*What is expected*:
In the entries below, find the line with "Kancelárska stolička DS-Office 10 - Sivá" and the line with "Large Capacity Bearded"; copy them and every line between them exactly, but not the pictures.
╭─ Source records
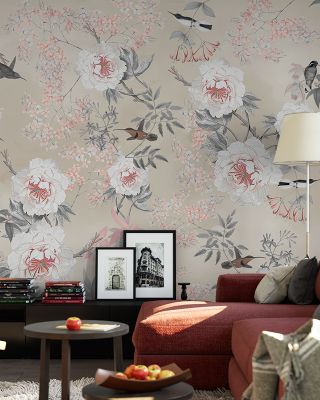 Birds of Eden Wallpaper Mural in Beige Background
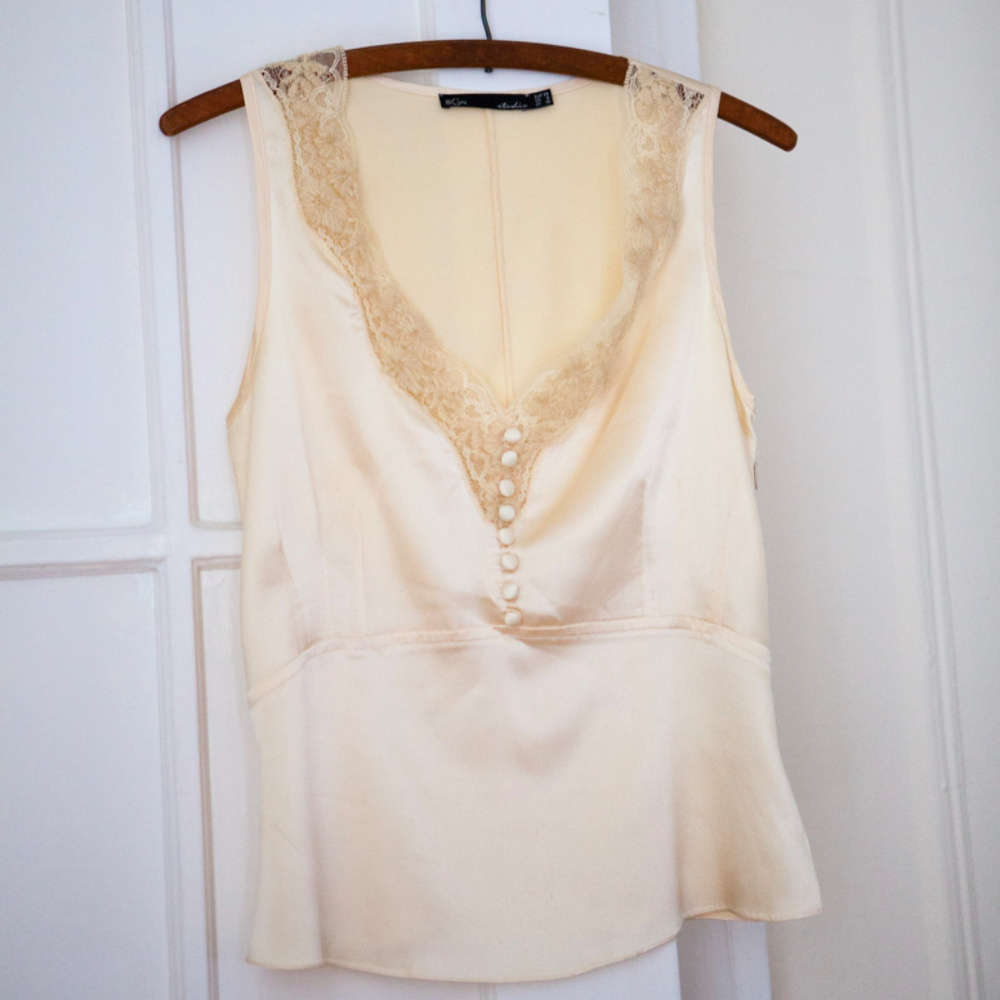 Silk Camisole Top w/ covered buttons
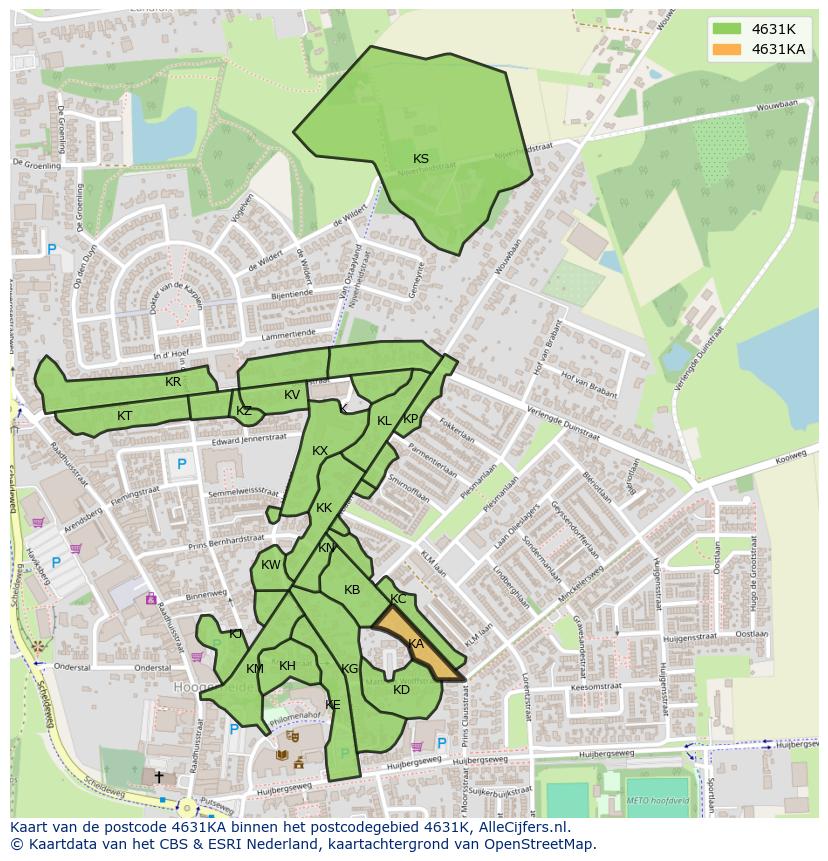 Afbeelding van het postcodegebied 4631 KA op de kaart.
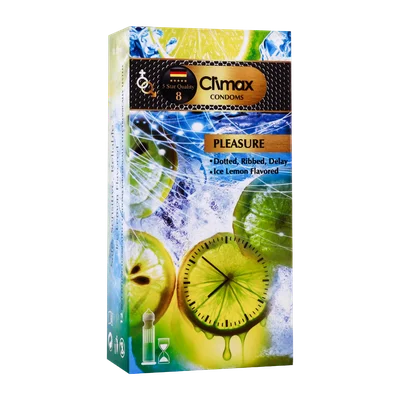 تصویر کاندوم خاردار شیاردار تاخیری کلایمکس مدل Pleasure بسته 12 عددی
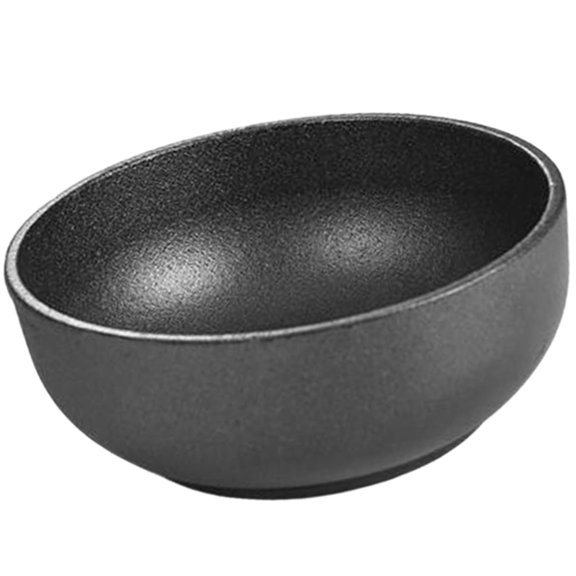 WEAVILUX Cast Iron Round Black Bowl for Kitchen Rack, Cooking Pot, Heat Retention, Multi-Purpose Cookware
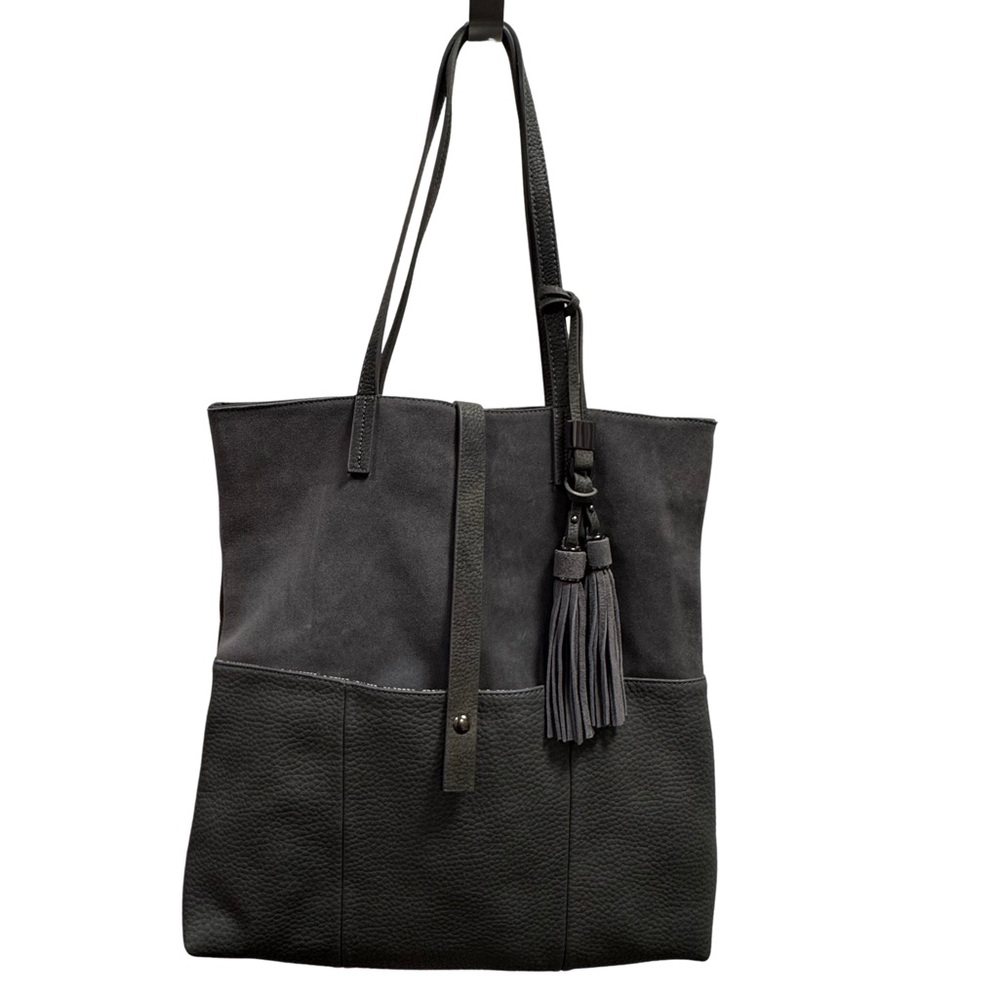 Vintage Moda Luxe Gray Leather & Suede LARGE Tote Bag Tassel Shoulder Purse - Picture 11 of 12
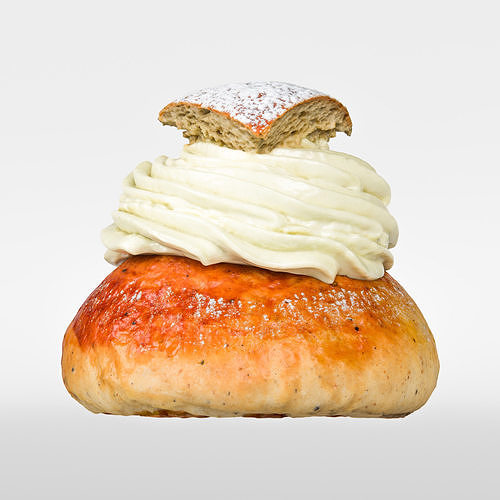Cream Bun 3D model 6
╰─
╭─ Source records
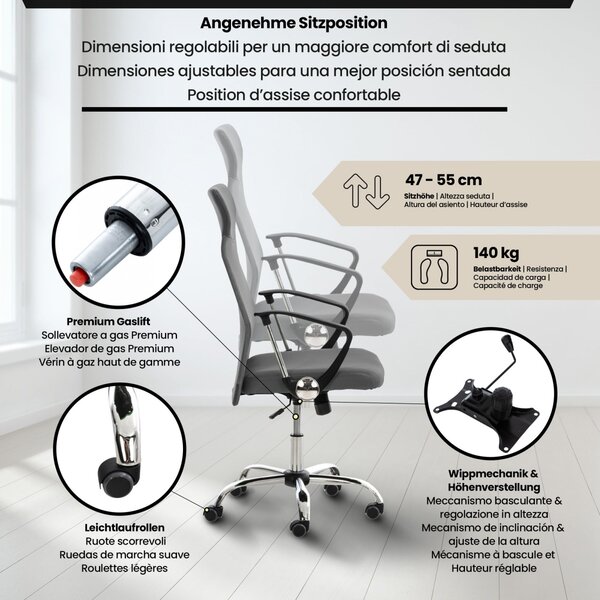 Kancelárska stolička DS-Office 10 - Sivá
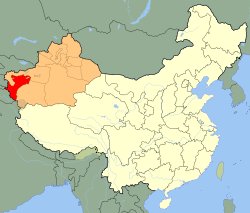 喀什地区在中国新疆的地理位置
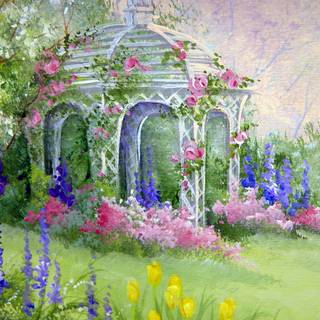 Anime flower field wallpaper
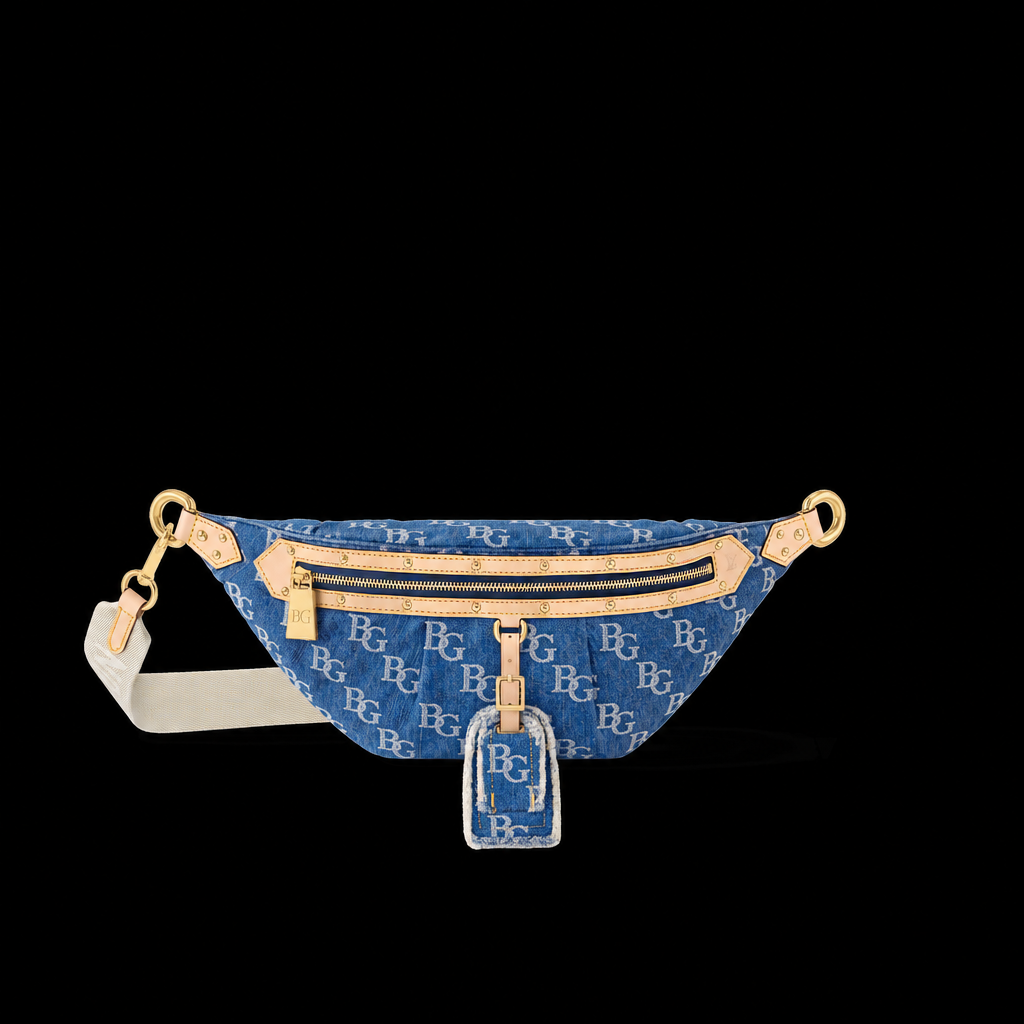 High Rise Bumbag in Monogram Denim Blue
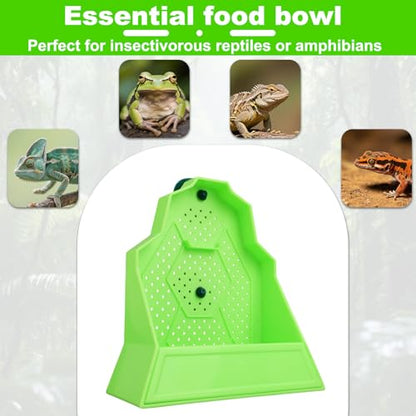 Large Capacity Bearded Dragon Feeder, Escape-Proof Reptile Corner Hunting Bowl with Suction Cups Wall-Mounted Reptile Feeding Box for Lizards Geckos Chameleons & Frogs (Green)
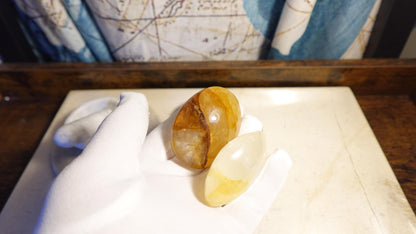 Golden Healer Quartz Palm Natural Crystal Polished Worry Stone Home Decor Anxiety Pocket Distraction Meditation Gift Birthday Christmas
╰─
*Response to the exercise*:
 Kancelárska stolička DS-Office 10 - Sivá
 喀什地区在中国新疆的地理位置
 Anime flower field wallpaper
 High Rise Bumbag in Monogram Denim Blue
 Large Capacity Bearded Dragon Feeder, Escape-Proof Reptile Corner Hunting Bowl with Suction Cups Wall-Mounted Reptile Feeding Box for Lizards Geckos Chameleons & Frogs (Green)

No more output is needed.